Random Forest RMSE: 30012.142611043513
Gradient Boosting RMSE: 28491.349703843494



## 6. Hyperparameter Tuning
We will perform hyperparameter tuning for the Gradient Boosting model using GridSearchCV to optimize model performance.


In [5]:

from sklearn.model_selection import GridSearchCV

# Define the parameter grid for Gradient Boosting
param_grid = {
    'n_estimators': [100, 200],
    'learning_rate': [0.01, 0.1],
    'max_depth': [3, 5]
}

# Perform GridSearchCV to find the best hyperparameters
grid_search = GridSearchCV(GradientBoostingRegressor(), param_grid, cv=5, scoring='neg_mean_squared_error', verbose=1)
grid_search.fit(X_train, y_train)

# Get the best parameters and the corresponding RMSE
best_gb = grid_search.best_estimator_
y_pred_best_gb = best_gb.predict(X_test)
rmse_best_gb = np.sqrt(mean_squared_error(y_test, y_pred_best_gb))
print(f'Best Gradient Boosting RMSE after tuning: {rmse_best_gb}')

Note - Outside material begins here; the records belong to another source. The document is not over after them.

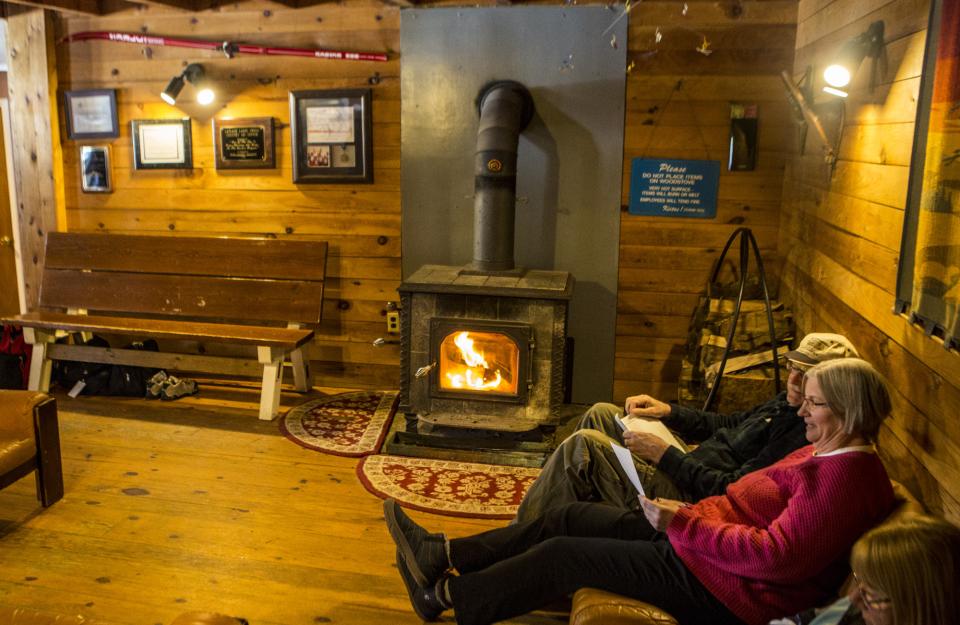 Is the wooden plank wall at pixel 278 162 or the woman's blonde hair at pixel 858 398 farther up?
the wooden plank wall at pixel 278 162

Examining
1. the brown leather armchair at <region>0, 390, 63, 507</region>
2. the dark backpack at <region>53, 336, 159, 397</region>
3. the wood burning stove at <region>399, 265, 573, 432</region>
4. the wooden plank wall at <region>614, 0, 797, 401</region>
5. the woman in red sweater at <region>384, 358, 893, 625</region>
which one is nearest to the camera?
the woman in red sweater at <region>384, 358, 893, 625</region>

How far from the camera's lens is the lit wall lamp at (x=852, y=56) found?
8.48ft

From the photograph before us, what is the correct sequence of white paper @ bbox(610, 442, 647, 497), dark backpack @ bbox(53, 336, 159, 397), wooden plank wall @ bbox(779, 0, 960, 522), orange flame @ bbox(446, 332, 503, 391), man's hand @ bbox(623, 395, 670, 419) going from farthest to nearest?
dark backpack @ bbox(53, 336, 159, 397), orange flame @ bbox(446, 332, 503, 391), man's hand @ bbox(623, 395, 670, 419), white paper @ bbox(610, 442, 647, 497), wooden plank wall @ bbox(779, 0, 960, 522)

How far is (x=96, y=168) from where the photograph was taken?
4777mm

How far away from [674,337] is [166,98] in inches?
125

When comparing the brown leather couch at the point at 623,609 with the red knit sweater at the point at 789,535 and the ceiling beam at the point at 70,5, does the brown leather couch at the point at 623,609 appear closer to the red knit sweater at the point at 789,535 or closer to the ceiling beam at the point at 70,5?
the red knit sweater at the point at 789,535

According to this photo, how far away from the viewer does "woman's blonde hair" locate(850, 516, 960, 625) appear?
4.30ft

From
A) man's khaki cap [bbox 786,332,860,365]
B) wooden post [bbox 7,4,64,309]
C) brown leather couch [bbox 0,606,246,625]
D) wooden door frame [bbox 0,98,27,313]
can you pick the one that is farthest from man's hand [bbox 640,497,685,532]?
wooden door frame [bbox 0,98,27,313]

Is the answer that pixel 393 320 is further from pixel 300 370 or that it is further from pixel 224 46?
pixel 224 46

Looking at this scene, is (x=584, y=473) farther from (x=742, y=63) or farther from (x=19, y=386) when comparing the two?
(x=19, y=386)

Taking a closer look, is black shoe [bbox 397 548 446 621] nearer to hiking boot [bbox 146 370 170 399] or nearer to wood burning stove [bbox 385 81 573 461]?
wood burning stove [bbox 385 81 573 461]

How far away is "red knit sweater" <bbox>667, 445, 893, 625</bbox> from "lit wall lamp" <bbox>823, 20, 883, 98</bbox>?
1501 mm

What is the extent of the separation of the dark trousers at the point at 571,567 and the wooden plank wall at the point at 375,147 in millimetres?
2177

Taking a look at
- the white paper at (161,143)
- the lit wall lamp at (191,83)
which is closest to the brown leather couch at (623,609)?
the lit wall lamp at (191,83) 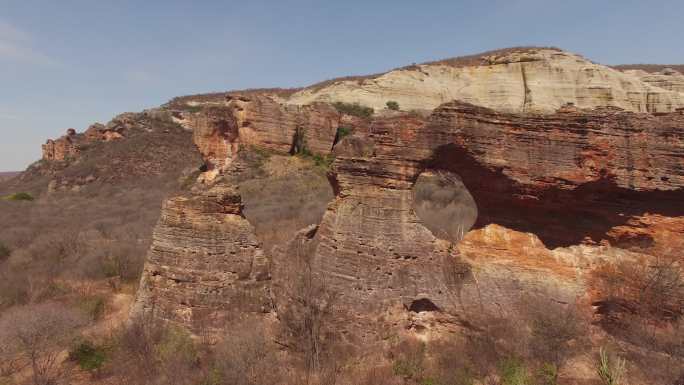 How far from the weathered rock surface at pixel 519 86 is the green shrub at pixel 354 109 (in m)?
1.58

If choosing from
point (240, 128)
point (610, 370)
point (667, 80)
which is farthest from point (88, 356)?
point (667, 80)

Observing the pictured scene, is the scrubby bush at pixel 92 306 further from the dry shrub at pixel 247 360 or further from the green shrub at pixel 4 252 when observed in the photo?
the green shrub at pixel 4 252

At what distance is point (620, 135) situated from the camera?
731 cm

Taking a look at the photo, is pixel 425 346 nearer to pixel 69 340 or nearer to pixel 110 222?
pixel 69 340

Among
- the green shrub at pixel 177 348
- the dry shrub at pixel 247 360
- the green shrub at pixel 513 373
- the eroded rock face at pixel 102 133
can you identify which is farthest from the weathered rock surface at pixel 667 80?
the eroded rock face at pixel 102 133

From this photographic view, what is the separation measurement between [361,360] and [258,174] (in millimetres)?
22769

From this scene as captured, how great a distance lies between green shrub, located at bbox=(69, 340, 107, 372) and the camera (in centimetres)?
882

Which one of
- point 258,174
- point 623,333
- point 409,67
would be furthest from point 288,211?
point 409,67

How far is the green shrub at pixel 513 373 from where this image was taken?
6.71 m

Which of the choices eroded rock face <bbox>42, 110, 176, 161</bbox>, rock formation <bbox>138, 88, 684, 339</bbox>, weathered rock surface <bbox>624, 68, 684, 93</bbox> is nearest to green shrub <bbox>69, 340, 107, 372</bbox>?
rock formation <bbox>138, 88, 684, 339</bbox>

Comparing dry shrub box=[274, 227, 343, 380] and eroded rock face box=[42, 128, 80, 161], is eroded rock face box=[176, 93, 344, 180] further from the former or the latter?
eroded rock face box=[42, 128, 80, 161]

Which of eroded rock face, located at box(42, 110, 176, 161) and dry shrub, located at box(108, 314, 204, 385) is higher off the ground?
eroded rock face, located at box(42, 110, 176, 161)

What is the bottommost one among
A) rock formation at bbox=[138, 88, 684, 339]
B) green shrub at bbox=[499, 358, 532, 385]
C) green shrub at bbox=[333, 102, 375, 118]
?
green shrub at bbox=[499, 358, 532, 385]

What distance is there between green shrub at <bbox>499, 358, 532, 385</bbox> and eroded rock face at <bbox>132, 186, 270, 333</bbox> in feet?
17.2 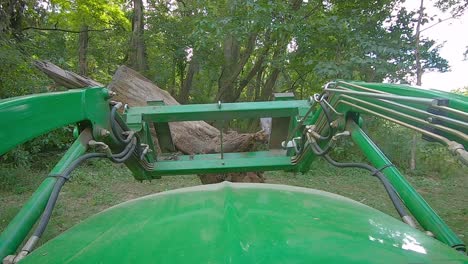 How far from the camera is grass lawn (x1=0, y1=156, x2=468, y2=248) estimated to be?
17.5ft

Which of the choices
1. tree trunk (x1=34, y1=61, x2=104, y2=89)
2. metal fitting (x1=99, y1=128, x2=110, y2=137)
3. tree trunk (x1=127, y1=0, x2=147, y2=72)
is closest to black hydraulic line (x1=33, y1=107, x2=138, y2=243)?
metal fitting (x1=99, y1=128, x2=110, y2=137)

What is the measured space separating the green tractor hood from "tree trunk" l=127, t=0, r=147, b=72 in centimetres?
1027

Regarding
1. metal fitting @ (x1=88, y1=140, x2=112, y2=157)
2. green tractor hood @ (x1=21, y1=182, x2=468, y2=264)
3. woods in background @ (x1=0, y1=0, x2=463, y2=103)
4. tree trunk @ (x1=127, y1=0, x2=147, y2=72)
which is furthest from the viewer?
tree trunk @ (x1=127, y1=0, x2=147, y2=72)

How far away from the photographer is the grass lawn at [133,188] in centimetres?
532

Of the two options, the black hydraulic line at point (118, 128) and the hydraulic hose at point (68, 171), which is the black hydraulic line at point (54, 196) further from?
the black hydraulic line at point (118, 128)

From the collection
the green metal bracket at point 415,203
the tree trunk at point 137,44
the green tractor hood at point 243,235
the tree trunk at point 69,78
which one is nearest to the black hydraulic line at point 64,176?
the green tractor hood at point 243,235

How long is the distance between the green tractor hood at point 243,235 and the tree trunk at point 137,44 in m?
10.3

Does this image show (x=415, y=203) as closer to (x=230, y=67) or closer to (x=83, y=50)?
(x=230, y=67)

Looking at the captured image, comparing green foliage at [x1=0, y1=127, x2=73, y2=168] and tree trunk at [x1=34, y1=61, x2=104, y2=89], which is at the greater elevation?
tree trunk at [x1=34, y1=61, x2=104, y2=89]

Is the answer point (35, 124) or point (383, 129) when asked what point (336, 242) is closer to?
point (35, 124)

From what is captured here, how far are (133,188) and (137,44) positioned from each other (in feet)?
18.1

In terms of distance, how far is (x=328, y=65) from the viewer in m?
5.90

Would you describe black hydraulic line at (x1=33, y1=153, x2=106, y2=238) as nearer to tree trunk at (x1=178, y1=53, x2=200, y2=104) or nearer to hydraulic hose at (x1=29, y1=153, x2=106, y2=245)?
hydraulic hose at (x1=29, y1=153, x2=106, y2=245)

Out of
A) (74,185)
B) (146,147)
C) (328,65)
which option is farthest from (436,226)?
(74,185) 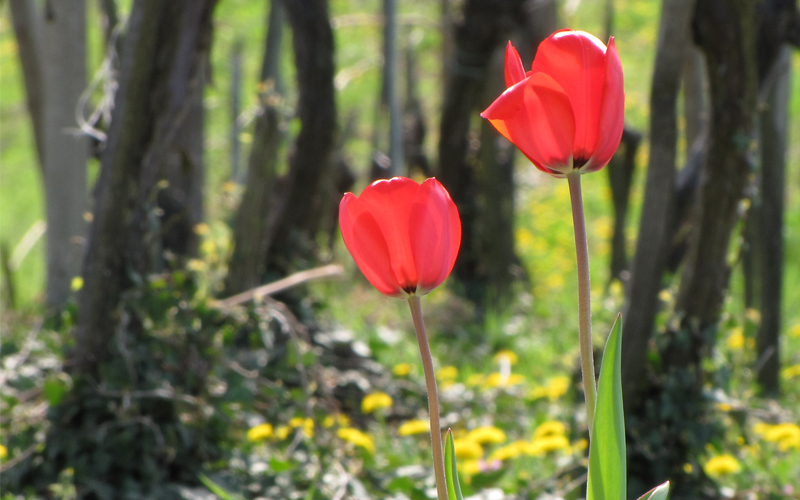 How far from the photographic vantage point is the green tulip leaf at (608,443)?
28.8 inches

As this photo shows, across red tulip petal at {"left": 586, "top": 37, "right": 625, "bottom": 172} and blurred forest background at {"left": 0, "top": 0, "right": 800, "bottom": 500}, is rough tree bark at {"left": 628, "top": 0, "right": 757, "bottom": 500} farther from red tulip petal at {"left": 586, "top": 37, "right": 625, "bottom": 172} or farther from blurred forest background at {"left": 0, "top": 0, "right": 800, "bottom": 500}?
red tulip petal at {"left": 586, "top": 37, "right": 625, "bottom": 172}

Fitting 5 folds for each of 8 candidates, totalling 40 fits
Best Gradient Boosting RMSE after tuning: 27895.558275340863



## 7. Saving the Trained Models
We will save the trained models (Random Forest, Gradient Boosting, and the tuned Gradient Boosting model) to files for future use.


In [6]:

import joblib

# Save the trained Random Forest and Gradient Boosting models
joblib.dump(rf, 'random_forest_model.pkl')
joblib.dump(gb, 'gradient_boosting_model.pkl')
joblib.dump(best_gb, 'tuned_gradient_boosting_model.pkl')

print("Models saved as 'random_forest_model.pkl', 'gradient_boosting_model.pkl', and 'tuned_gradient_boosting_model.pkl'.")


Models saved as 'random_forest_model.pkl', 'gradient_boosting_model.pkl', and 'tuned_gradient_boosting_model.pkl'.



## 8. Summary and Next Steps
In this notebook, we trained and evaluated several models, including:
- Baseline Linear Regression model
- Random Forest model
- Gradient Boosting model

We also performed hyperparameter tuning to optimize the performance of the Gradient Boosting model, and saved all the trained models for future use.